- Associated Press - Friday, May 13, 2016

LYONS, Kan. (AP) - With each trip, Rice County farmer Doug Keesling is seeing a different Cuba.

The fifth-generation farmer sat at his kitchen table one spring afternoon, wheat fields surrounding his farmstead. He has made four trips to Cuba in the past year representing Kansas Wheat.

The Hutchinson News (http://j.mp/1Ygogug ) reports that the latest journey was in late March, amid President Obama’s own trip to the country - the first trip for a president in nearly 90 years.

Keesling is seeing change in the communist country even just a year later.

For starters, getting to Cuba is easier. He flew American Airlines. He saw signs of an economic uptick. Residents, he said, are more entrepreneurial, from the farmers’ markets to opening restaurants from their homes.

Also, he stayed in a home-turned-vacation property by San Francisco-based Airbnb, a new offering in recent months.

Moreover, for the first time, he also had cell service.

“The last trip was the first trip I was able to use Verizon there,” Keesling said.

Sure, there are many things that are the same. Cuba is still a communist country. It still being led by a Castro. And, the decades-old U.S. embargo against Cuba remains intact.

For the first time since the embargo was put in place 55 years ago, however, Keesling sees a glimmer of hope. During his trip to the island country in late March, Obama called for Congress to lift the embargo, which, he has said, could help the well-being of the Cuban people.

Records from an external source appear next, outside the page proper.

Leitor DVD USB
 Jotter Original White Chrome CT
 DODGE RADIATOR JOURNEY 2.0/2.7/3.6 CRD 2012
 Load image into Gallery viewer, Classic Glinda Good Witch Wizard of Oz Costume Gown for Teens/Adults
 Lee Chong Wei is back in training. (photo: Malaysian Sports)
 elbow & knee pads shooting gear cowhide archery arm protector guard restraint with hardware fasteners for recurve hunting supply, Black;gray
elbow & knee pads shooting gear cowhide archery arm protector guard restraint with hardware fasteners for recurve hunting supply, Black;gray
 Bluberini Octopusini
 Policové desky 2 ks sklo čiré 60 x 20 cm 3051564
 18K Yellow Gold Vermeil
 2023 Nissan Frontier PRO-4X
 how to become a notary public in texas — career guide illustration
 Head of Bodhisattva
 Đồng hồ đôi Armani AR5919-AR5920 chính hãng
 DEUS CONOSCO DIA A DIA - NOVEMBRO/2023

Keesling was part of a delegation from the U.S. Agriculture Coalition for Cuba that was asked by the U.S. State Department to make the trip during Obama’s visit. Keesling, co-chair of USACC’s State Support Committee, was the only farmer in attendance.

If the embargo is lifted, Cuba would become a growing market for the United States, he said. As a Kansas wheat farmer, that potential was obvious every time he saw a meal that included bread. Cubans, he said, eat a lot of bread.

“It could help Kansas wheat farmers sell 10 percent of their wheat crop to a country that is just 90 miles off the coast,” said Keesling Tuesday. “That might not sound significant. But the difference of 10 percent sometimes makes a huge swing in the market.”

“Everything we do leads to Congress to get this changed,” said Keesling.

Bills in Congress, including one sponsored by Sen. Jerry Moran, could help break down the trade barriers, he said.

On his first trip in March 2015, which included representatives from 100 different companies, Keesling said he learned more about what Cuba needs. For instance, the country can’t raise much wheat or soybeans effectively.

Keesling said there are seven flour mills in Cuba. Six are owned by the government and the other is a joint venture between Cuba and a Mexican company.

Cuba has been trading with countries in the European Union and Canada, Keesling said. The embargo has been in place since 1960.

According to Kansas Wheat, Cuba is the largest wheat market in the Caribbean, but U.S. exports have dried up completely since 2011.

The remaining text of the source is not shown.